EXERCISE PROMPT -
After locating the line with "drum_of_endurance.jpg" in the data that follows, return it and every later line exactly, up to and including the line with "BRAUN Silk- pil".
** Opening THE DATA block **
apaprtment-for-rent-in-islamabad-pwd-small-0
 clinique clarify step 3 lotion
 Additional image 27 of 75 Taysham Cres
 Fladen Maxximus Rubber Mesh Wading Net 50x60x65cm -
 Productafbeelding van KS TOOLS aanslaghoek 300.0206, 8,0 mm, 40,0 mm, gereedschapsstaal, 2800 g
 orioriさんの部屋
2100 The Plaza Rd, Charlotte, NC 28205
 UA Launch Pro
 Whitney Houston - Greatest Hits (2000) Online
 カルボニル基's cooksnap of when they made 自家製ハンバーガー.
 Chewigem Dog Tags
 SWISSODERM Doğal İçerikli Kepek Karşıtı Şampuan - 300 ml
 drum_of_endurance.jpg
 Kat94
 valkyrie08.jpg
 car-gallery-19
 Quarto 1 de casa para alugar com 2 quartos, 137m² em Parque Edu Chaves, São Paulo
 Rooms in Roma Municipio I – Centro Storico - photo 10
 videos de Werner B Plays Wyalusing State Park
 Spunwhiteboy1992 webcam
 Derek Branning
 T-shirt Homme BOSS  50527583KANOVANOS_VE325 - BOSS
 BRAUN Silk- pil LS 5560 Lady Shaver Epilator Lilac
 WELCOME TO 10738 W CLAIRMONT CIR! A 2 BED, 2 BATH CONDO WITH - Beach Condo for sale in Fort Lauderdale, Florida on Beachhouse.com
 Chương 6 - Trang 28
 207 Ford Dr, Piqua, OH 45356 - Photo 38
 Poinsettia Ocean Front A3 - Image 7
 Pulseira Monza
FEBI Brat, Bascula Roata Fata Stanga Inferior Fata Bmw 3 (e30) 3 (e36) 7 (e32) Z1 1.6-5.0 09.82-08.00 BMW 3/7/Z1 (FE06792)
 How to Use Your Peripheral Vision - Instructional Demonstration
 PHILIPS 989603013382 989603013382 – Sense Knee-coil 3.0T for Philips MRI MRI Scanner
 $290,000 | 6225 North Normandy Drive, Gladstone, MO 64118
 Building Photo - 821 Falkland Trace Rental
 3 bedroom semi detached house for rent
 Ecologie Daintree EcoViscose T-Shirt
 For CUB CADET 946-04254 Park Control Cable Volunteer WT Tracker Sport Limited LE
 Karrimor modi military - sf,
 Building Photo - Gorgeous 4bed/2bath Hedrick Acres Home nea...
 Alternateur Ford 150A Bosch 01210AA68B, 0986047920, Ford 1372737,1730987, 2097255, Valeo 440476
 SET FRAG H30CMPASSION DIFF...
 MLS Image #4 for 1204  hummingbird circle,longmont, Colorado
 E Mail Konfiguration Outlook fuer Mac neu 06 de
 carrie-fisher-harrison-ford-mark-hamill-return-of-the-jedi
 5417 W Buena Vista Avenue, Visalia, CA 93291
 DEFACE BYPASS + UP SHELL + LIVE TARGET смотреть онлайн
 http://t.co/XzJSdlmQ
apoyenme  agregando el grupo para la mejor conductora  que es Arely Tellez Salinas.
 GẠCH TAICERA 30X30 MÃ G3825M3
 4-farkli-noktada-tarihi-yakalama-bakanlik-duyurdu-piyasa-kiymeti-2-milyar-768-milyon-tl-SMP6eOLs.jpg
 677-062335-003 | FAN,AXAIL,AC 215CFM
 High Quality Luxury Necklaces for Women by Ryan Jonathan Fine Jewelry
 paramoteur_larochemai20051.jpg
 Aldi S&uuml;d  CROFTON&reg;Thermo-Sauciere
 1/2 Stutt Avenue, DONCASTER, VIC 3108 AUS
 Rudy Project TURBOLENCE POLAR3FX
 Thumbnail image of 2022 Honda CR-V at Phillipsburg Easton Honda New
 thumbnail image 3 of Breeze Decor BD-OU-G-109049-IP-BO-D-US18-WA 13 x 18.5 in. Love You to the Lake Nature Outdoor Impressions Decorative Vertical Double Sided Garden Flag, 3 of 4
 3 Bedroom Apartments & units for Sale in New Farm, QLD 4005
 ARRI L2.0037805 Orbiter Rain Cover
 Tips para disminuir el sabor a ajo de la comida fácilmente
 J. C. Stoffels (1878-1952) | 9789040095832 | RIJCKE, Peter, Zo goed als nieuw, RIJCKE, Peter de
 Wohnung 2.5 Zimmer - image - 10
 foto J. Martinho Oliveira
** Closing THE DATA block **
RESPONSE BOX -
 drum_of_endurance.jpg
 Kat94
 valkyrie08.jpg
 car-gallery-19
 Quarto 1 de casa para alugar com 2 quartos, 137m² em Parque Edu Chaves, São Paulo
 Rooms in Roma Municipio I – Centro Storico - photo 10
 videos de Werner B Plays Wyalusing State Park
 Spunwhiteboy1992 webcam
 Derek Branning
 T-shirt Homme BOSS  50527583KANOVANOS_VE325 - BOSS
 BRAUN Silk- pil LS 5560 Lady Shaver Epilator Lilac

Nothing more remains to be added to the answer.